Wherever the line with "Pokemon Entei GX" sits in the listing below, transcribe from it up to and including the line with "Helix Piercing Set", exactly, and leave the remaining lines out.
── DATA EXTRACT ──
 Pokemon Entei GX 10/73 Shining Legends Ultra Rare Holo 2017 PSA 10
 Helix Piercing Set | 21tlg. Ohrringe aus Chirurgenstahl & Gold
───
── DATA EXTRACT ──
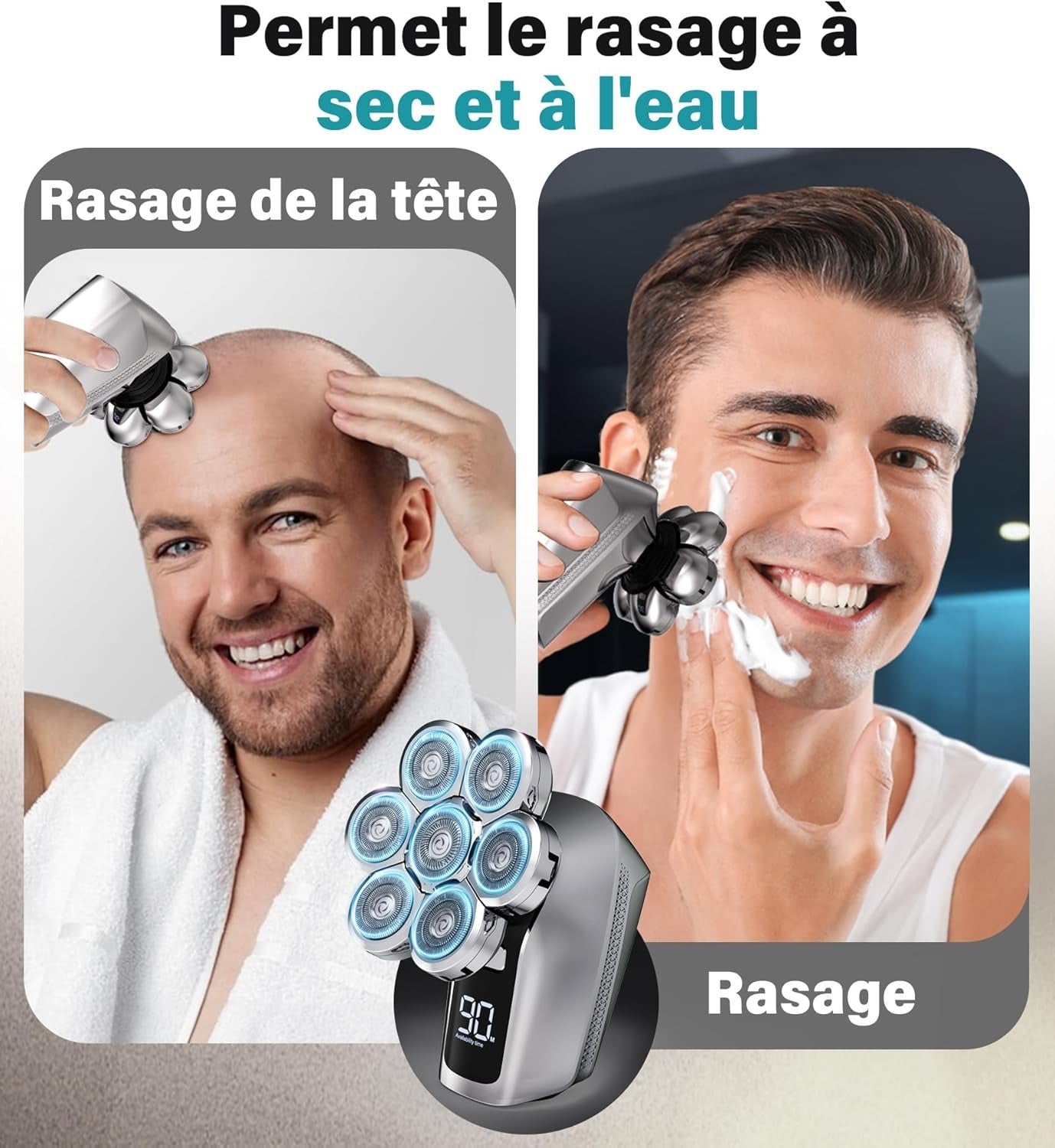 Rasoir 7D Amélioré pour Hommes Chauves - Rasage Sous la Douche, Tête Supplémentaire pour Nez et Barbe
───
• FINAL ANSWER
 Pokemon Entei GX 10/73 Shining Legends Ultra Rare Holo 2017 PSA 10
 Helix Piercing Set | 21tlg. Ohrringe aus Chirurgenstahl & Gold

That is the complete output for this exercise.